Но украинская вольница — казаки Запорожской Сечи в первой половине XVII века еще продолжали удерживать за собой Черное море, во всяком случае временами они на нем почти господствовали, как свидетельствует английский посланник в Константинополе Томас Рой.
Так, 1 июля 1622 года он занес в свой дневник:
«Татары пошли опустошать Польшу, а казаки пустились в Черное море и захватили много турецких кораблей. Кафа находилась в великой опасности, даже в самой Порте была тревога».
Еще более яркую запись сделал тот же Томас Рой 20 июля 1624 года — два года спустя:
«9 числа сего месяца козаки на 70 или 80 ладьях (чайках), в каждой по 50 человек гребцов и воинов, пользуясь тем временем, когда капитан-паша отправился в Крым, на рассвете вошли в Босфор... Галиль-паша в эту неурядицу сам провозгласил себя вождем; не имея ни одной галеры готовой и вооруженной, собрал все наличные суда, лодки и баржи, вооружил их и поместил в них от 400 до 500 человек, которые могли быть воинами или гребцами. Конницу и пехоту в 10000 человек разослал для защиты берегов... Мы думали, что эти бедные пираты тотчас удалятся, но они, заметив приближающиеся к ним турецкие лодки, сомкнулись по середине канала близко за́мков и, выстроившись в полукруг, стояли в ожидании битвы; ветер был противный, и сами они напасть не могли. Галиль-паша дал приказ открыть огонь еще издалека; козаки не отвечали ни единым выстрелом, только подплывали то к одному, то к другому берегу, не показывая ни малейшего признака к отступлению. Паша, видя их ловкость и отвагу, боялся напасть на них... Таким образом, целый день до захода солнца они смело стояли и грозили великой, но тревожной столице света и всему ее могуществу; наконец, с своею добычею при развевающихся знаменах, удалились...»
Эту традицию постоянного военного превосходства над турками блестяще продолжили в XVIII веке русская армия и флот.

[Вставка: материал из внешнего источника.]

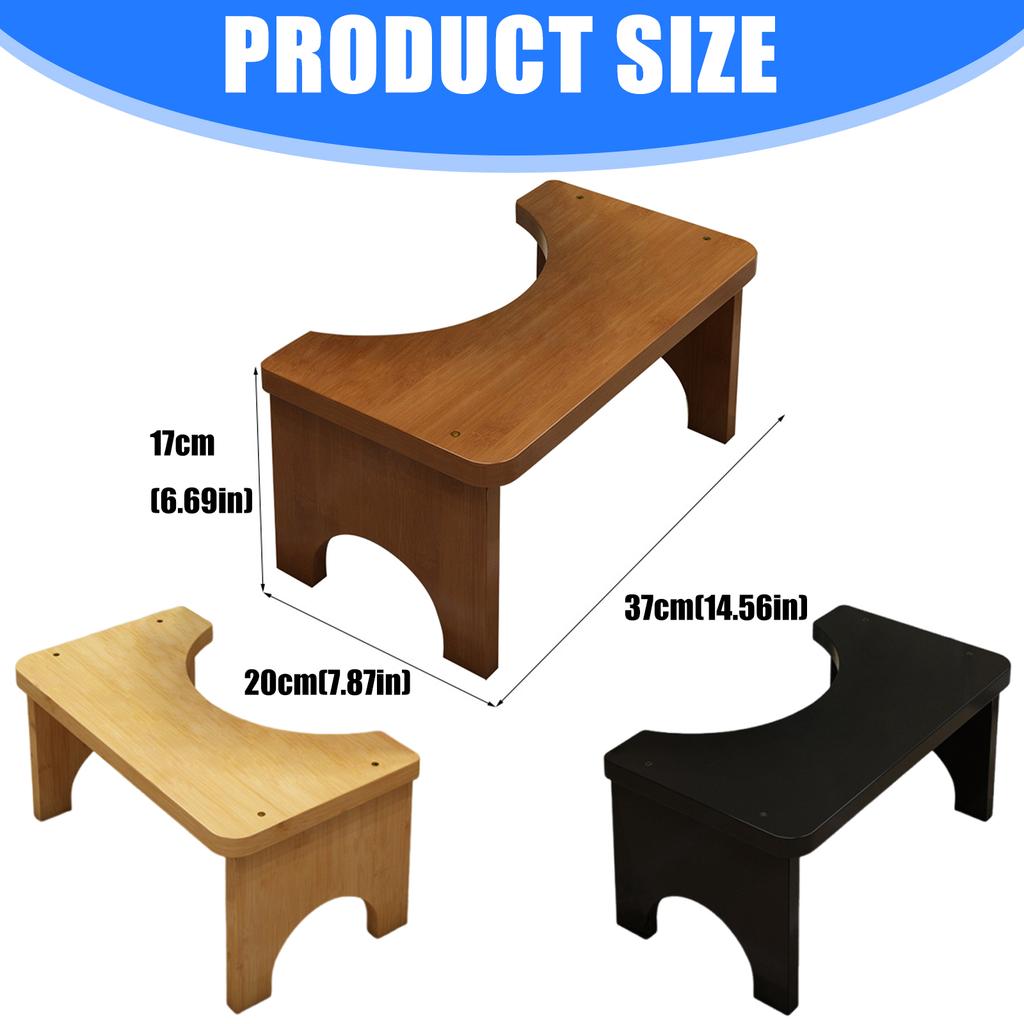 Ergonomic Bamboos Toilet Step Stool with Sturdy Base for Bathroom Safety and Comfortable Postures Support Daily Use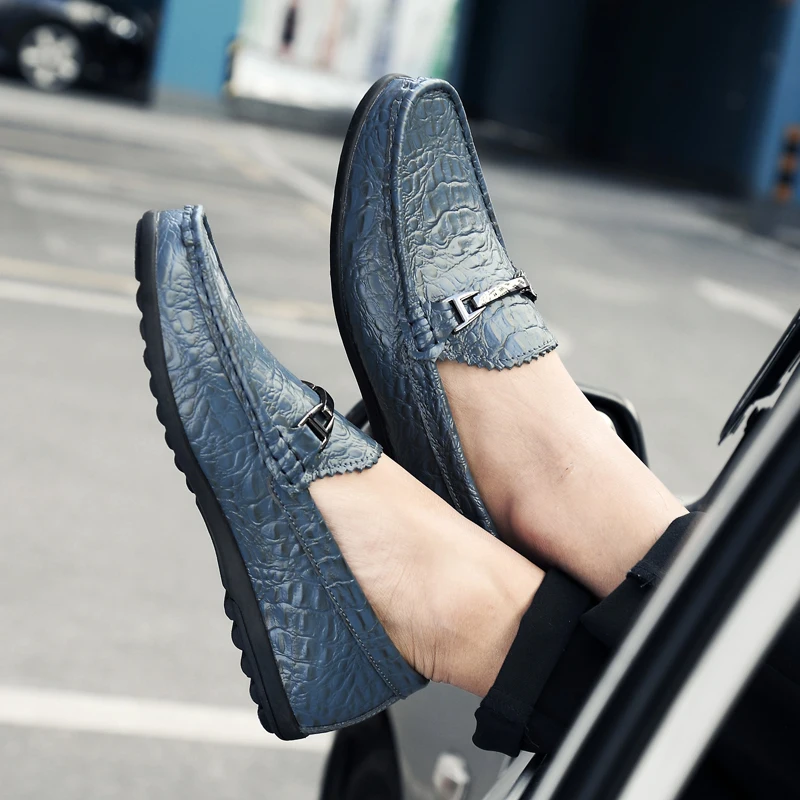 Лоферы мужские кожаные Нескользящие на плоской подошве | Обувь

В свою очередь Порта упорно продолжала считать Черное море своим двором
или домом. А к ее упорству постепенно присоединялись происки европейских морских держав.Опасаясь соперничества русских судов со своими судами на Средиземном море, эти морские державы открыто сталкивали с Россией турок и крымских татар — их вассалов.
И когда в 1769 году, зимой, крымцы подвергли Украину опустошительному набегу, при ханском войске в качестве «наблюдателя» оказался французский резидент в Бахчисарае — барон де Тотт...
Глава третья
«Человеколюбивое мщение»
Руби столбы — заборы повалятся.
Зимним утром 1770 года на площади многолюдного и богатого села Иванова собралась толпа. Бабы, стуча ведрами, пытались прорваться к колодцу и бранили людей графа Шереметева, которые не давали им подойти к срубу. А графские люди имели указ — никого к колодцу не допускать.
Ночью граф с семейством прибыл по санному пути из Москвы и первым делом объявил, что «берет на себя» лучший в селе колодец. Это была мера предохранения от заразы, так как в Москве вспыхнула чума.